In [107]:
import re, collections

def words(text): return re.findall('[a-z]+', text.lower()) 

def train(features):
    model = collections.defaultdict(lambda: 1)
    for f in features:
        model[f] += 1
    return model

NWORDS = train(words(open('big.txt').read()))

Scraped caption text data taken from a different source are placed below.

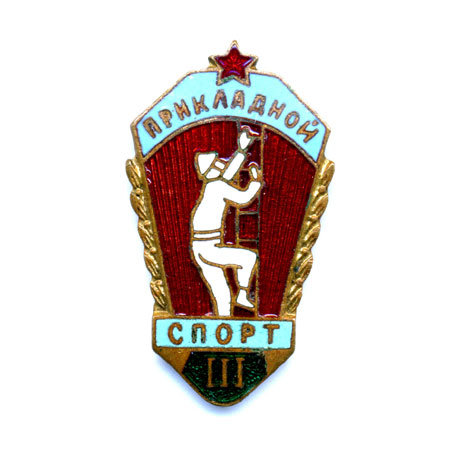 Значок пожарных СССР за 3 место в соревнованиях по прикладным видам спорта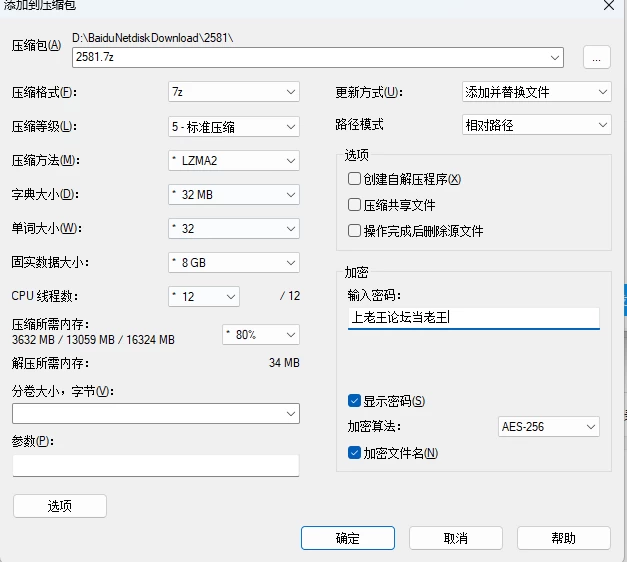 日式SLG【幻想约会】v0.59 汉化-步兵版 PC+安卓 2.6G [3+2.6G][百度盘]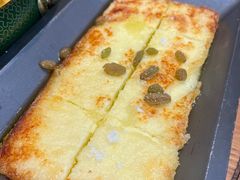 -哈啾嗨·蒙文化主题餐厅(京汉新城店)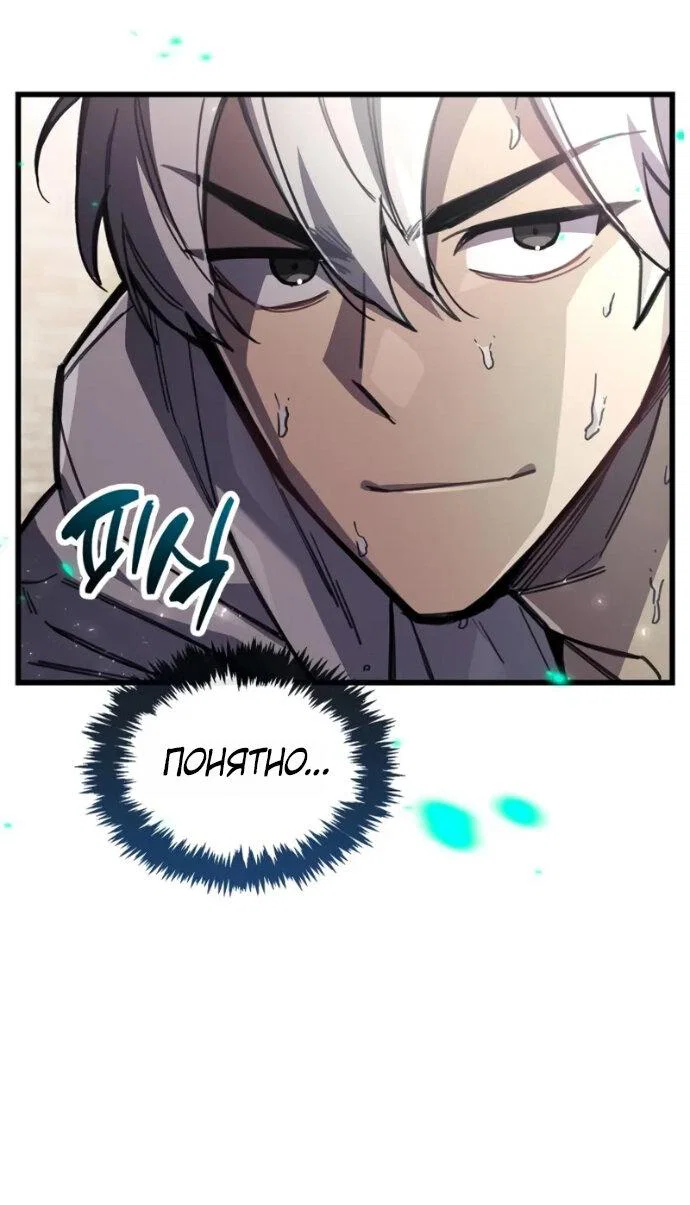 Read Игрок скрывает прошлое RU Manga Online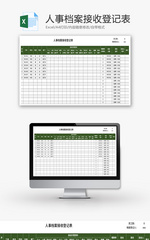 人事档案接收登记表Excel模板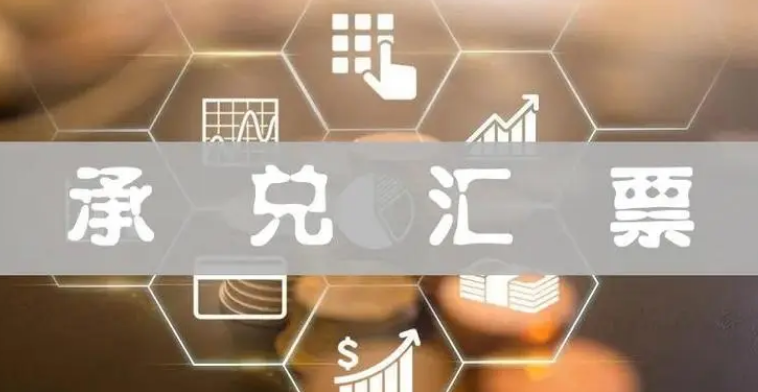 承兑汇票中介还有利可图吗
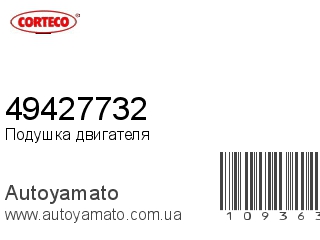 Подушка двигателя 49427732 (CORTECO)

alphabet = 'abcdefghijklmnopqrstuvwxyz'

def edits1(word):
   splits     = [(word[:i], word[i:]) for i in range(len(word) + 1)]
   deletes    = [a + b[1:] for a, b in splits if b]
   transposes = [a + b[1] + b[0] + b[2:] for a, b in splits if len(b)>1]
   replaces   = [a + c + b[1:] for a, b in splits for c in alphabet if b]
   inserts    = [a + c + b     for a, b in splits for c in alphabet]
   return set(deletes + transposes + replaces + inserts)

def known_edits2(word):
    return set(e2 for e1 in edits1(word) for e2 in edits1(e1) if e2 in NWORDS)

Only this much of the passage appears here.